The Music of Harry Potter and The Lord of the Rings Sounds of Home in the Fantasy Franchise

By Daniel White Copyright 2024
    222 Pages 46 B/W Illustrations
    by Routledge

    The Music of Harry Potter and The Lord of the Rings provides an in-depth study of the music of two of the biggest fantasy franchises, focussing on music’s worldbuilding roles within the film-watching experience and elsewhere in videogames, trailers, plays, theme parks and other attractions, and the world of fandom.

    Daniel White takes a range of approaches and techniques of motivic and thematic musical analysis, and pairs this with transformational harmonic analysis to theorise music’s worldbuilding roles in film. Chapters focus in turn on the opening sequences of the case study franchise films, their closing sequences, and on their depiction of houses, homes and homelands. Extra-filmic areas of these fantasy worlds are also explored, including theme parks and other tourist attractions of the Harry Potter franchise, videogames and the immersive power of their music, and the world of fandom with a focus on soundtrack consumption and other musical fan practices. Through this multifaceted approach, readers gain a deeper understanding not only of the music of these franchises, but also of music’s power in the multimedia franchise both within and without film to build a home that attracts inhabitants. This book will be valuable for academics and students as well as fans of fantasy franchises.

    Introduction: Home is Behind, the World Ahead - Fantasy, Franchises and Film Music

    1. The Creation of Musical Worlds: Suture in Opening Sequences 

    2. Homeward Bound: Desuture in Closing Sequences and Credit Songs 

    3. Musical Homes and their Inhabitation 

    4. Trips to Enchantment: Recreating Magic and Wonder at Harry Potter Tour Sites

    5. Sonic Immersion: Affect, Literacy and Interaction in Game Music

    6. Fan Practices/Fan Products

    Conclusion: Home From Home

    Biography

    Daniel White is Senior Lecturer in Musicology at the University of Huddersfield, where he teaches on music for film, game and media. He has published widely on musical worldbuilding and fantasy film, and his research interests also include minimalism, transmedia music and the music of children’s media.

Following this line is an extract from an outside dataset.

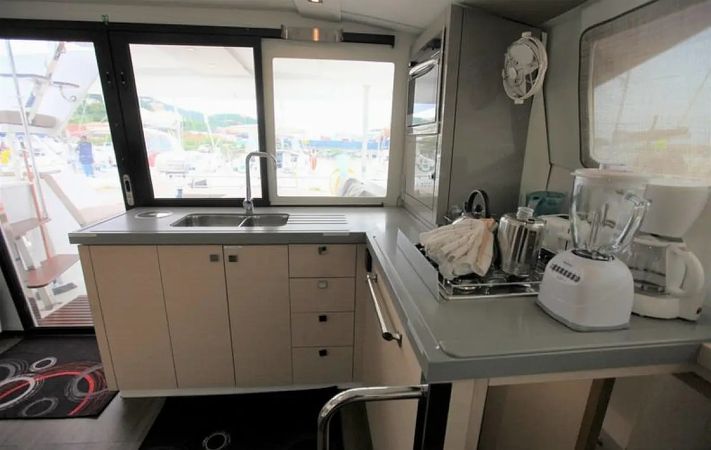 Fountaine Pajot Lucia 40 | La Merkat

    "Full of perceptive analysis and drawing on original interviews with relevant practitioners, Daniel White's rewarding study explores how music and sound take us 'there and back again' – time and again – into and out of the worlds of fantasy cinema. Focusing on the crucial role of music in the screen adaptations of J.R.R. Tolkien's Middle-earth and J.K. Rowling's Wizarding World, White addresses the process of worldbuilding and how audiences are encouraged to enter into and inhabit these screen worlds via their scores and then return to and reconstruct them beyond the cinema – whether in theme parks, stage productions, video games, fan projects or our daily lives. Steeped in the lore of his case studies and informed by relevant theory, White considers the importance of title sequences and closing credits, the use of leitmotif and song in such a way that, although delving deep into fantasy, the ideas developed within The Music of Harry Potter and The Lord of the Rings: Sounds of Home in the Fantasy Franchise can be applied fruitfully to other franchises or genres in order to enhance our understanding of how music enables us to reside within and consume the worlds presented to us on film."

    David Butler, Senior Lecturer in Drama and Film Studies, University of Manchester, author of Fantasy Cinema: Impossible Worlds on Screen (2009).